By Mac Bledsoe
During summertime, family life becomes more chaotic and less routine. However, summer presents a wonderful new opportunity for parents who choose to grasp it! As I travel the nation putting on parenting events there is one very common question that keeps being asked… "How do you talk to kids, especially to teenagers?"
Well, let me tell you, I do not believe that there is a simple answer to that question because there are just about as many answers as there are kids! There is one thing that I do know to be the truth about being able to carry on a conversation with a young person; it is almost impossible to talk with a child with whom you do not already have a relationship! It is virtually impossible to discuss important issues with a child who views you as a stranger. Summer gives us an opportunity to build relationships with our kids.
Along those lines, I am convinced that the best way to build a relationship with a child is through the medium of play. A wonderful side effect of playing with kids is that playing is fun for adults too… it is an excuse to extend childhood! Like my grandfather used to say, "You can only be young once but you can make immaturity last a lifetime!"
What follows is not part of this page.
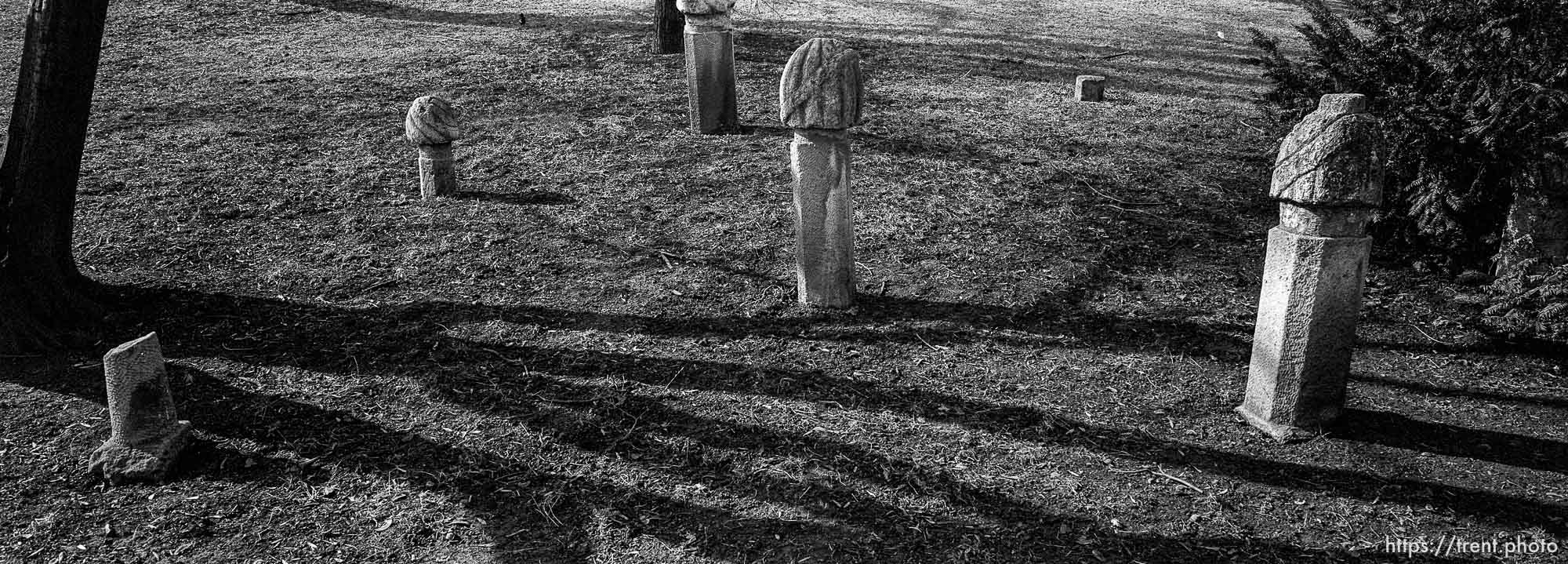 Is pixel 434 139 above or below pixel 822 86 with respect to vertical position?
below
Play does not have to be complicated nor organized. Look for opportunities to play with your kids daily. On a hot day, pick up some water balloons on the way home from work and start a water balloon fight. Get squirt guns to cool a hot summer evening. Start the barbeque and create your own gourmet burgers. While the barbeque is warming up and the burgers are cooking, start a neighborhood game of baseball in the street using a homemade ball made with a wadded up wet sock (that way no windows get broken.)
Stop by the local Good Will or used sporting goods shop and pick up an old set of used golf clubs. Pick up some Whiffle Balls and then when you get home set up a golf course around your yard or around the neighborhood by stapling or taping paper plates to various trees, light poles, fence posts, corners of buildings, and other usable landmarks. Write the numbers one through nine on the paper plates. You now have a new golf course. To play you start at plate #9 and hit your ball toward the landmark labeled #1. To score on a hole your ball must be hit to within a club length of the object. Count your "strokes" just like in golf. The person with the lowest total strokes after 9 holes is the winner. This game can be a blast when played in a forest, in a yard or it six or seven back yards that join. Enlist the neighbors to play with you. Set "tee times" and develop handicaps. The possibilities are endless. Post scores, make up impromptu leader boards and develop your course ground rules. Follow the lead of the kids.
Create a neighborhood newspaper on your computer. Put kids in charge of publishing it and have them interview neighbors about upcoming events in their respective families.
Get out the video camera and make a music video. Pick a song to use as the theme and then shoot footage to make a statement that matches what the song says. Let your hair down and get into it with your kids. Let them shoot you in everyday life and put music to what they have shot. You might really learn something about the way that the kids see you and your family life.
Get the ingredients for making ice cream sundaes and break them out as an evening family activity. Set the ingredients up in the garage or on the porch and let your kids invite a bunch of their friends over to join in. Sit around in lawn chairs and enjoy the company as you eat the treats.
Set up a Badminton court in the back yard and leave it set up throughout the summer. In free moments challenge your kids to a game. Create new games and set up courts and fields. Take some chalk and create a shuffle board game on the sidewalk using sticks as your implements and slide plastic coffee can lids as your pucks.
Set up a Horseshoe game in the back yard. Get a dartboard and set it up on the back porch or in the kitchen. Start building a big puzzle and leave it set up in the living room; work on it during spare time. Play Cribbage, Gin Rummy, Chess or Checkers. Play tennis, swim, hike, ride bikes, take a walk in a park, go fishing, get creative and find ways to play with your kids.
What will happen when you establish a spirit of play with your kids is that you will find that it will become easier and easier to talk with them. When people are in the act of playing it is almost impossible to be silent. The natural talk that surrounds play will break the ice. Once the talk becomes natural it becomes much easier to talk about important topics. When play becomes a regular part of life in your family then, when feel you have something that you really need to talk to your kids about it will not seem so odd or forced. You will have established a communication channel via the interaction of playing with your kids! In the meantime you will have had a delightful time laughing and playing with someone you love… your kids!